В этой точке Белый дом заходит в тупик. Идеология не только ограничит его свободу принимать в будущем экономические решения. Что еще важнее, с личной точки зрения, премьер-министр ограничит собственную свободу принимать в будущем меры, идеологически противоречащие уже принятым. То есть, если он поддержит социал-демократические образовательные реформы, он лишит себя пространства для маневра, когда речь пойдет, скажем, о здравоохранении или о госзаказе в оборонном секторе.
Итак, если прагматизм российского правительства больше десяти лет хорошо работал, почему сейчас он стал неэффективным?
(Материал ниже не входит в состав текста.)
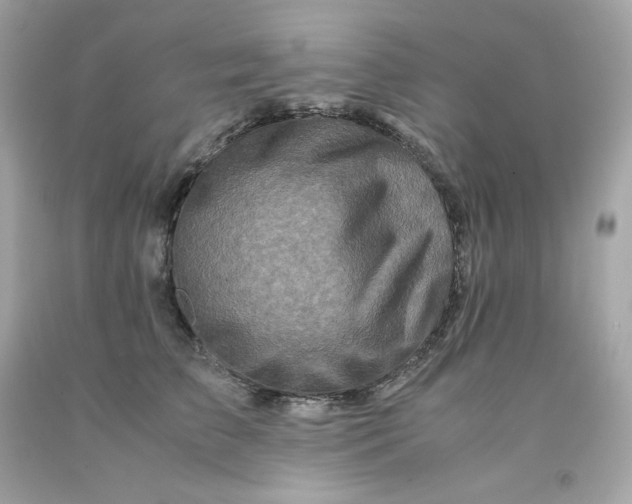 X0000091490709200709061901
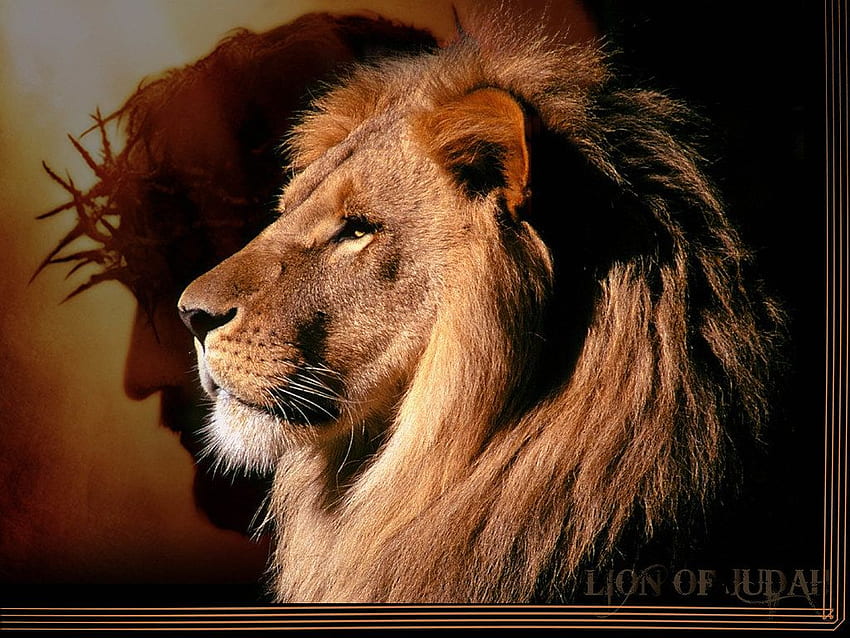 ユダのライオン 高画質の壁紙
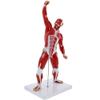 50 cm Human Muscle Anatomy Model, 3D Muscular System Figure view 1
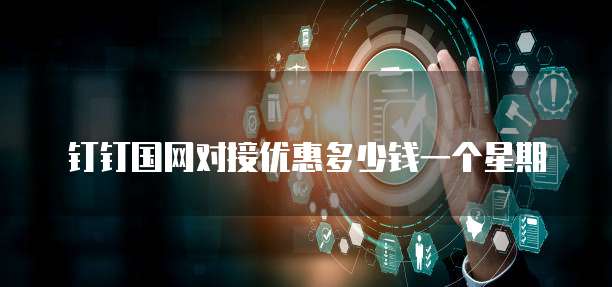 钉钉国网对接优惠多少钱一个星期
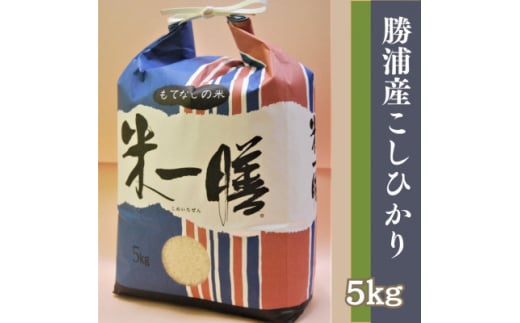 ＜令和6年産新米＞勝浦産コシヒカリ　精米(5kg)【1546106】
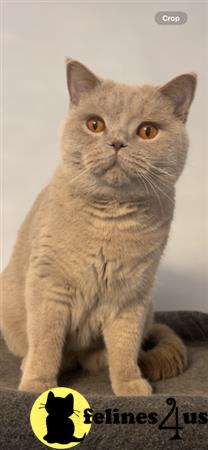 British Shorthair kitten for sale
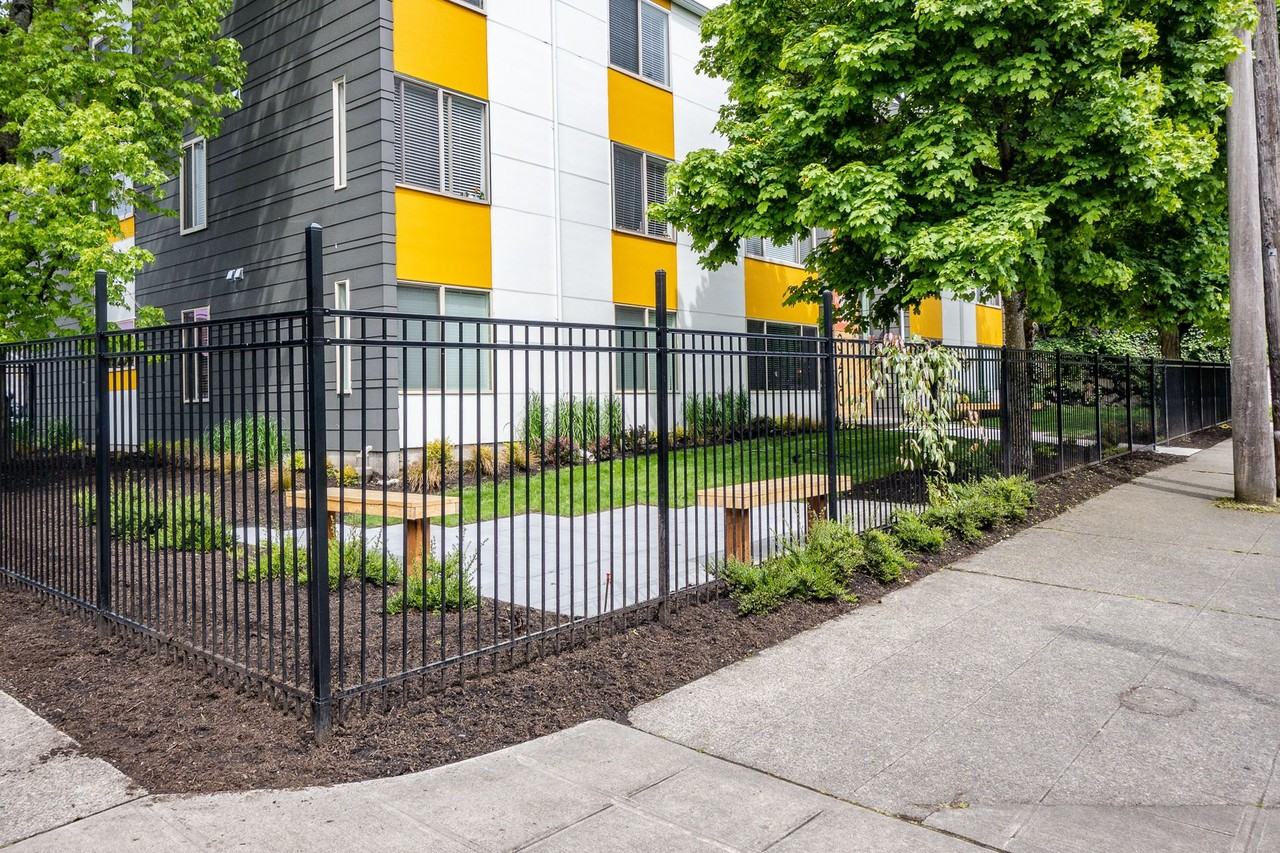 Viola - Photo 2 of 24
На этот вопрос существует множество ответов. Начнем с того, что финансовый кризис поставил крест на ставшей привычной за период бума 2002-2008 годов манере принимать половинчатые решения, основанные на компромиссе. Цена компромисса стала намного выше, чем пять лет назад. Кроме того, в правительство пришло новое поколение чиновников, которое очень четко видят, какие проблемы влечет за собой этот порожденный поздними девяностыми прагматизм.
Еще один важный фактор – присутствие вне системы новой демократической оппозиции. Резкий рост этой оппозиции в 2011 году в большой степени объясняется отсутствием идеологически последовательного курса в предшествующие годы. Общество не сможет двигаться вперед, как этого хотели бы Путин, Медведев и их команда, пока его стесняет эта сугубо центристская траектория. При отсутствии поля для реальной политической борьбы как левые, так и правые движения будут выплескиваться в протест. Оппозиция – это естественная реакция на «подмораживание» общества в нулевых годах. А как бы крепки ни были социальные барьеры, которые отделяют власть от общества, российские лидеры остаются частью общества. Если общество потребует идеологии, Белый дом не сможет не допускать влияния политики, не жертвуя при этом в процессе своей способностью работать.
Но если технократия в российском правительстве должна рухнуть, как будет выглядеть ее падение? Трудно сказать - слишком много существует вариантов идеологического размежевания. Тем не менее, очевидно, что в Белом доме начнутся идеологические баталии, и с министрами Дмитрия Медведева будут происходить неожиданные политические трансформации.
Неполитический период в жизни российского правительства, судя по всему, подходит к концу.